Saat ini pemerintah juga tengah mempersiapkan penyusunan Peraturan Menteri LHK untuk mengakomodasi dinamika dan fakta di lapangan dalam bentuk pedoman untuk KHDPK.
Menyangkut keresahan sebagian karyawan Perhutani dengan adanya SK KHDPK ini, Bambang menyatakan KLHK telah memikirkannya. Menurutnya, karyawan Perhutani akan bertransformasi menjadi pendamping Perhutanan Sosial dengan pengembangan kompetensi melalui learning management system.

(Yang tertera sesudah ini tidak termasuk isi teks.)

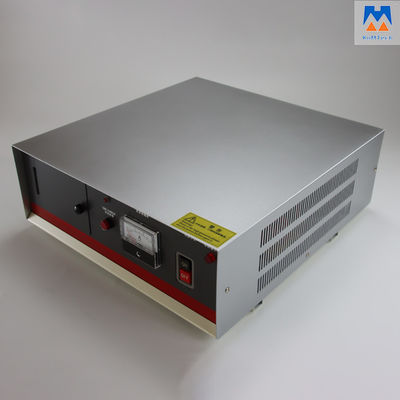 Máy phát điện hàn siêu âm 1500W để hàn vải không dệt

Baca: Beragam Cara KLHK Tekan Sampah Laut Indonesia
Webinar Pesona ini menghadirkan narasumber, yaitu Direktur Pengembangan Usaha Perhutanan Sosial (PUPS) Catur Endah Prasetiani; Kepala Balai PSKL Wilayah Jawa Bali dan Nusa Tenggara (Jabalnusra) Ojom Somantri; dan Ketua KTH Sumber Makmur Abdi (Sumadi) Gus Nur Hidayat. Seminar dimoderatori oleh Anggota Tim Penggerak Perhutanan Sosial, Swary Utami Dewi.